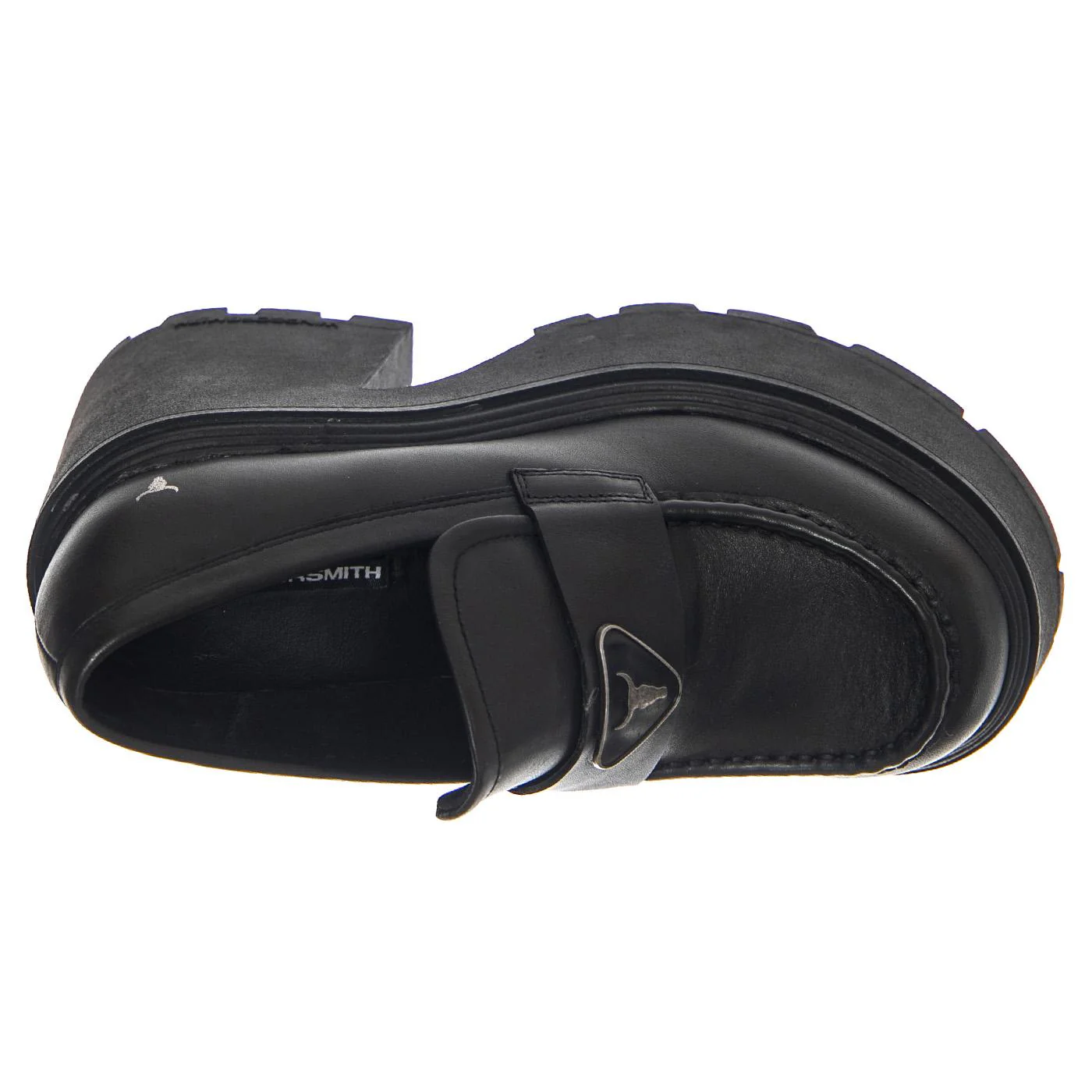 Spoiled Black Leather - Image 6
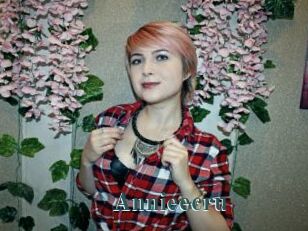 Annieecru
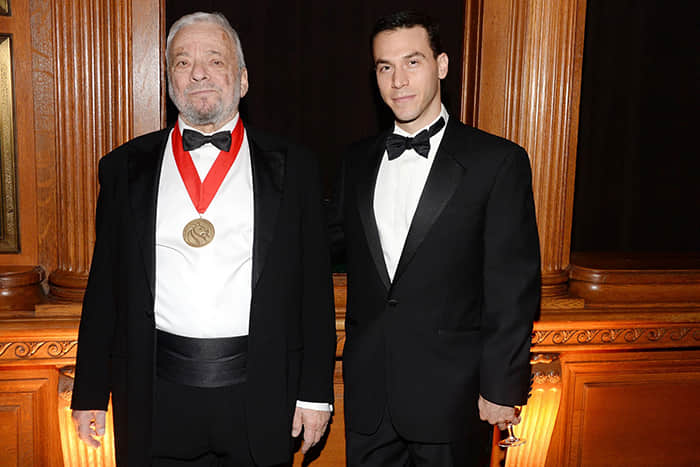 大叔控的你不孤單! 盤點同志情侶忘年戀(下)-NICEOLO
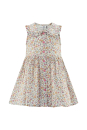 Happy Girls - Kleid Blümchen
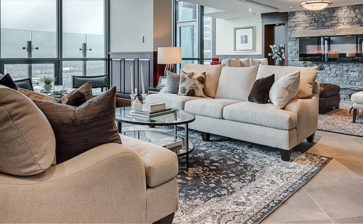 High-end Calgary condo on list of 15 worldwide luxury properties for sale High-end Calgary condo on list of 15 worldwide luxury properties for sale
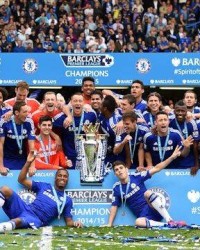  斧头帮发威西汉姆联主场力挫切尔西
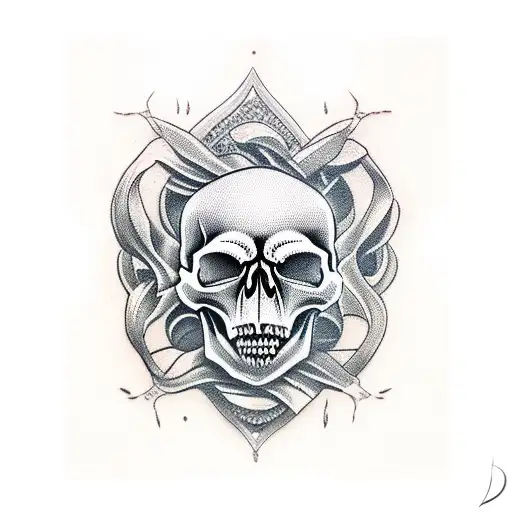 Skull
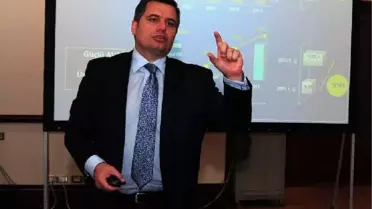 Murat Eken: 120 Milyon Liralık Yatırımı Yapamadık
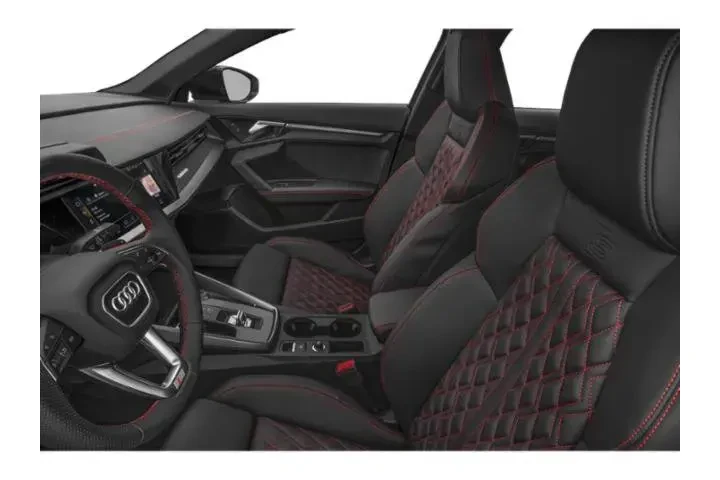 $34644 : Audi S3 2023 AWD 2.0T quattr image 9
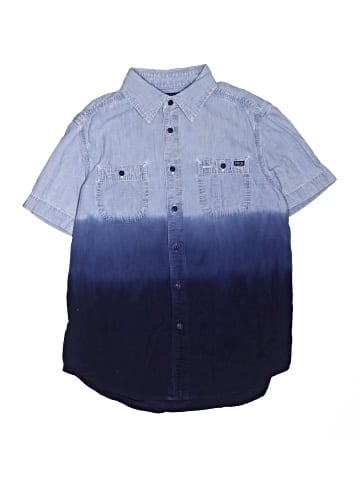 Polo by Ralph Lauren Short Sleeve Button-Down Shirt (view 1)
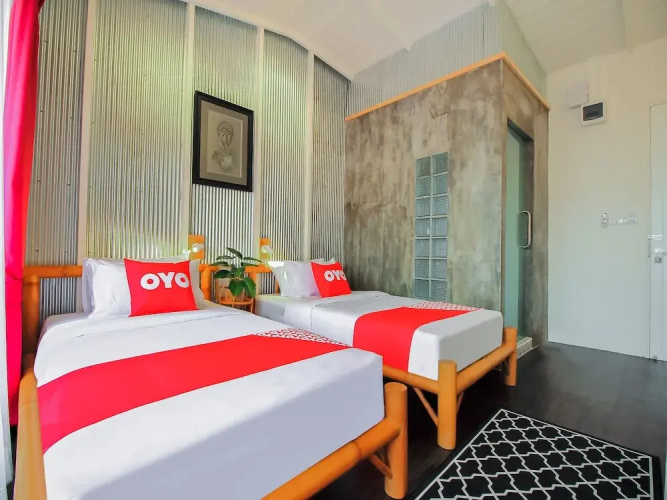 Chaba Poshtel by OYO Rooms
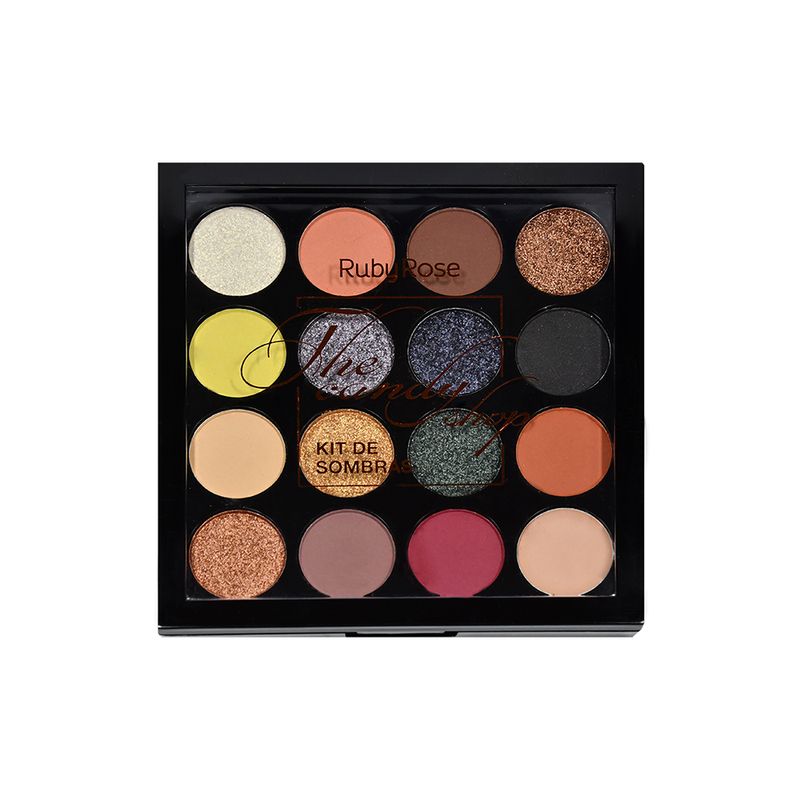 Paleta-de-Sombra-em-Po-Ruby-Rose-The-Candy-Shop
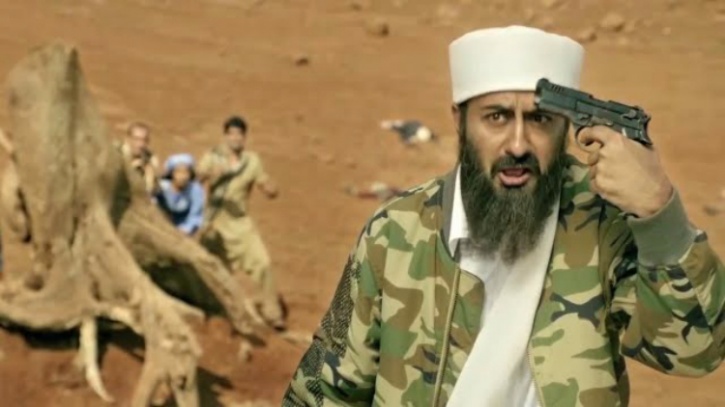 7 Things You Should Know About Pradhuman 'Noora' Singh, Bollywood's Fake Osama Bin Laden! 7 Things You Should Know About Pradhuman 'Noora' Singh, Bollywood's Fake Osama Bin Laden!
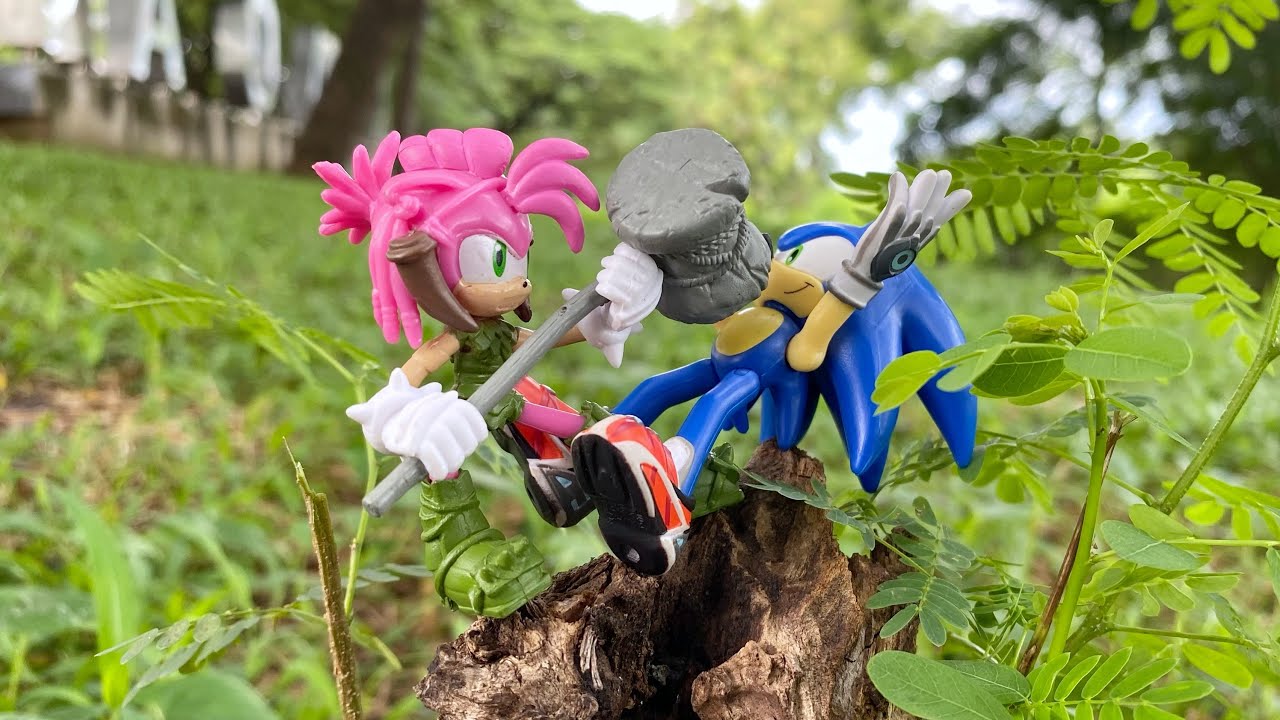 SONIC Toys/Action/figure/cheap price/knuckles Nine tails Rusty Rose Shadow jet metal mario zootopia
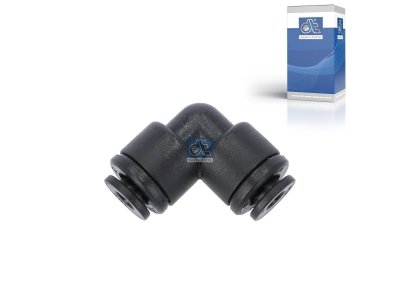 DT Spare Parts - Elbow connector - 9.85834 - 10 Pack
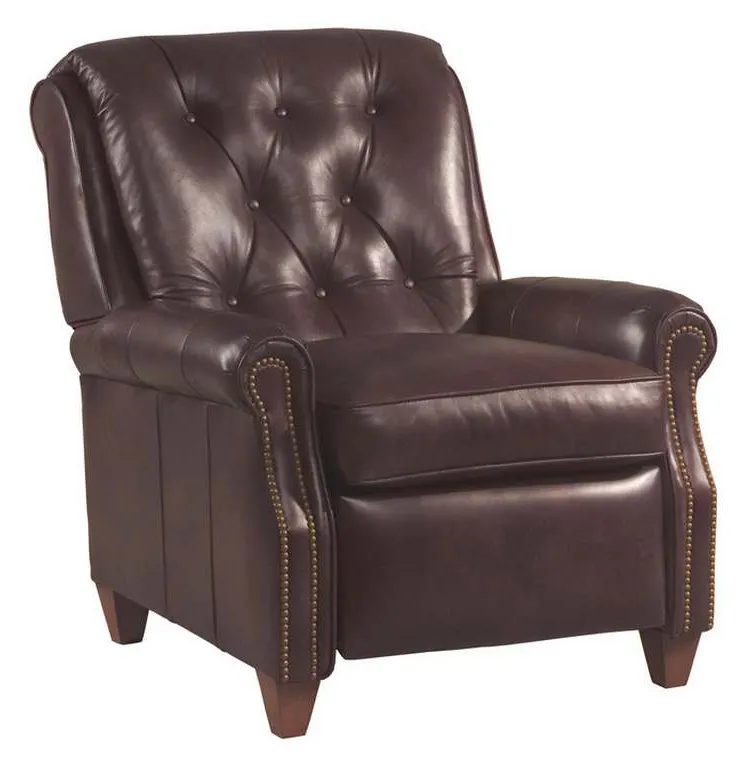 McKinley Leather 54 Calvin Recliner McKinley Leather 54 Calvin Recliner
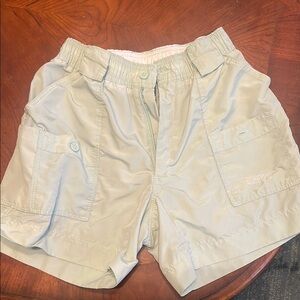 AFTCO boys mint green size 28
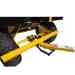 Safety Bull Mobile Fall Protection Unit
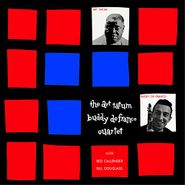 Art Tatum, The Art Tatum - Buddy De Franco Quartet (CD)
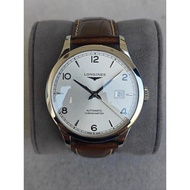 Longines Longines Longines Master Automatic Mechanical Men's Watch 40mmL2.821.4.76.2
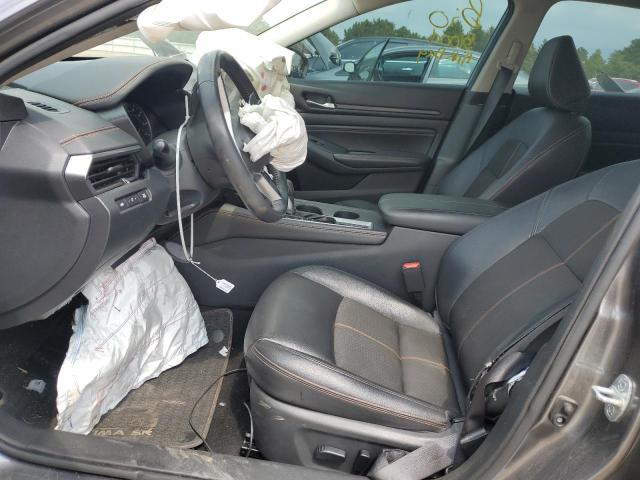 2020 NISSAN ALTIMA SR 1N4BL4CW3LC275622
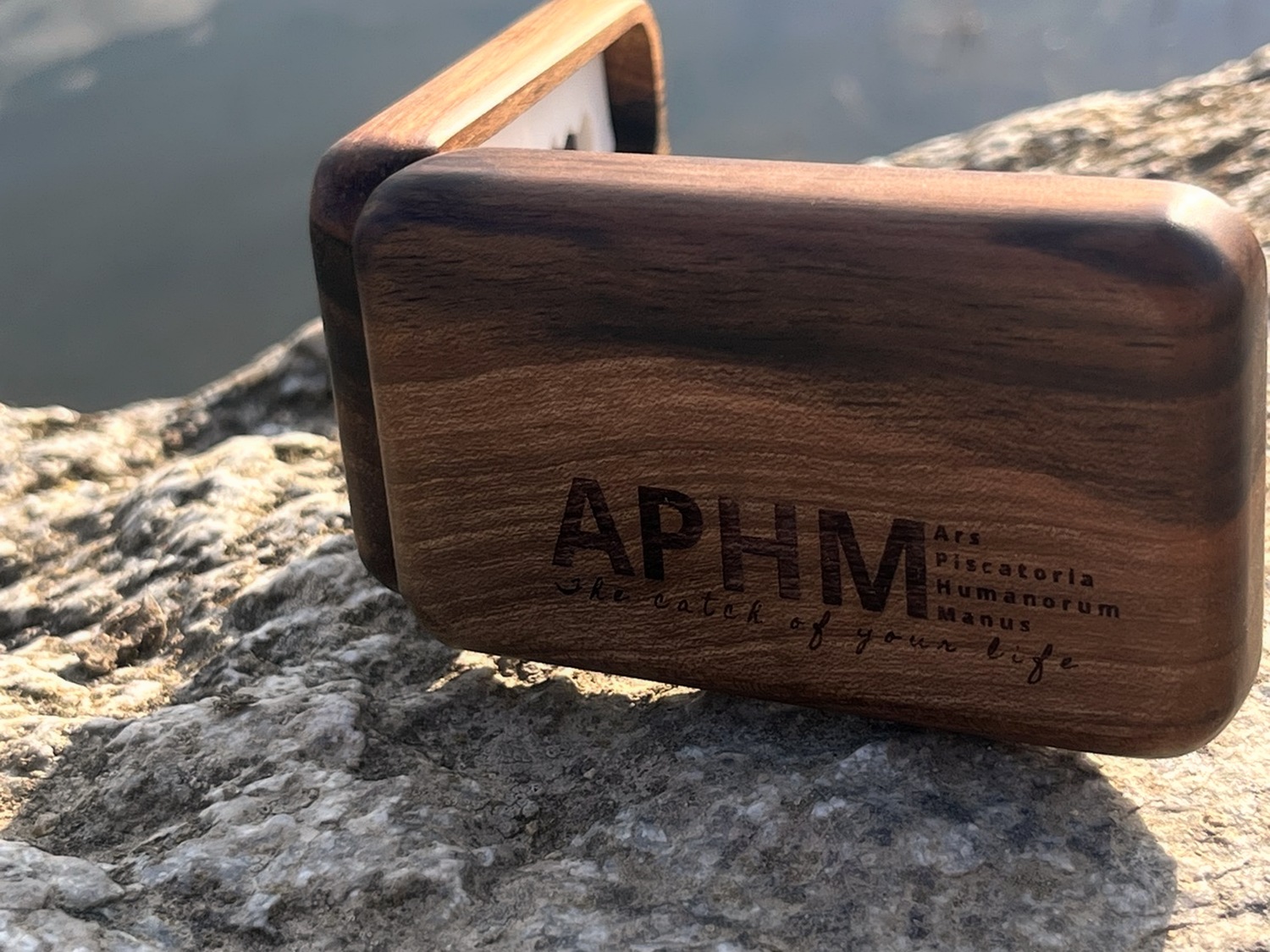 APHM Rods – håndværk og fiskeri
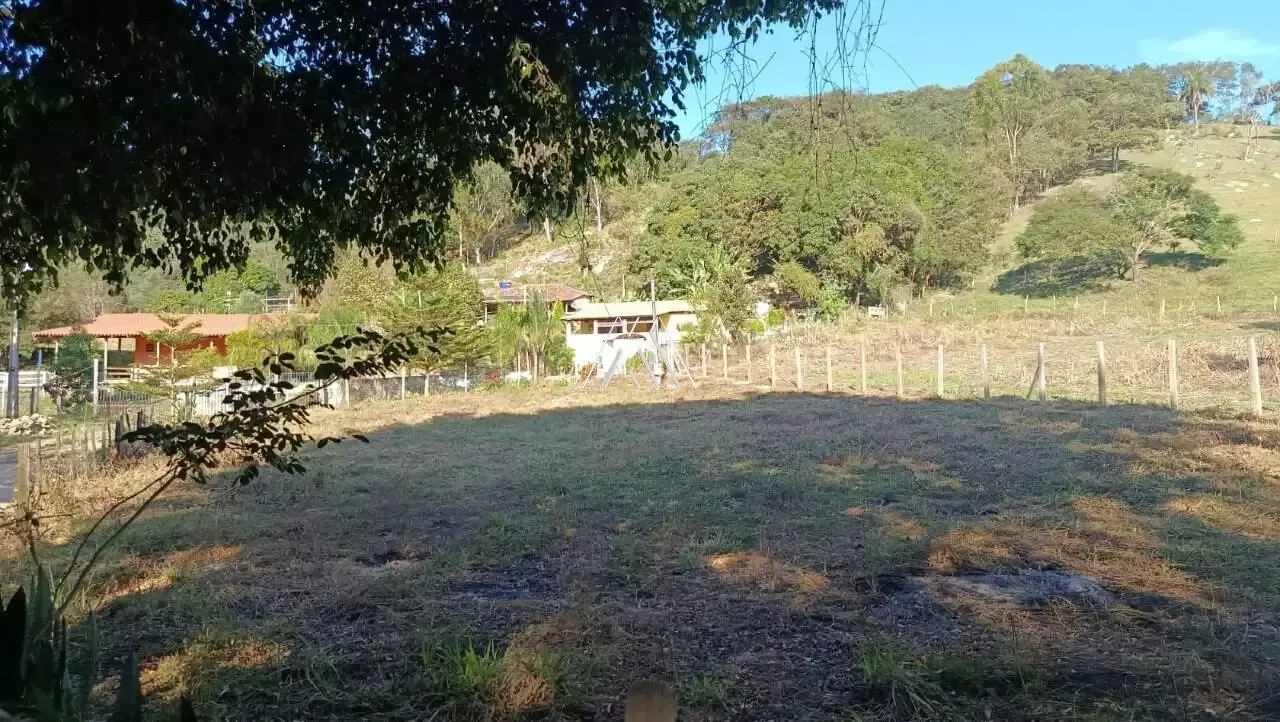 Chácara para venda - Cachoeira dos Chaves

☆ ☆ ☆

What you will do:
Repeat the material exactly. Skip the images.

Answer for the task:
 Spoiled Black Leather - Image 6
 Annieecru
 大叔控的你不孤單! 盤點同志情侶忘年戀(下)-NICEOLO
 Happy Girls - Kleid Blümchen
 High-end Calgary condo on list of 15 worldwide luxury properties for sale High-end Calgary condo on list of 15 worldwide luxury properties for sale
  斧头帮发威西汉姆联主场力挫切尔西
 Skull
 Murat Eken: 120 Milyon Liralık Yatırımı Yapamadık
 $34644 : Audi S3 2023 AWD 2.0T quattr image 9
 Polo by Ralph Lauren Short Sleeve Button-Down Shirt (view 1)
 Chaba Poshtel by OYO Rooms
 Paleta-de-Sombra-em-Po-Ruby-Rose-The-Candy-Shop
 7 Things You Should Know About Pradhuman 'Noora' Singh, Bollywood's Fake Osama Bin Laden! 7 Things You Should Know About Pradhuman 'Noora' Singh, Bollywood's Fake Osama Bin Laden!
 SONIC Toys/Action/figure/cheap price/knuckles Nine tails Rusty Rose Shadow jet metal mario zootopia
 DT Spare Parts - Elbow connector - 9.85834 - 10 Pack
 McKinley Leather 54 Calvin Recliner McKinley Leather 54 Calvin Recliner
 AFTCO boys mint green size 28
 Safety Bull Mobile Fall Protection Unit
 Art Tatum, The Art Tatum - Buddy De Franco Quartet (CD)
 Longines Longines Longines Master Automatic Mechanical Men's Watch 40mmL2.821.4.76.2
 2020 NISSAN ALTIMA SR 1N4BL4CW3LC275622
 APHM Rods – håndværk og fiskeri
 Chácara para venda - Cachoeira dos Chaves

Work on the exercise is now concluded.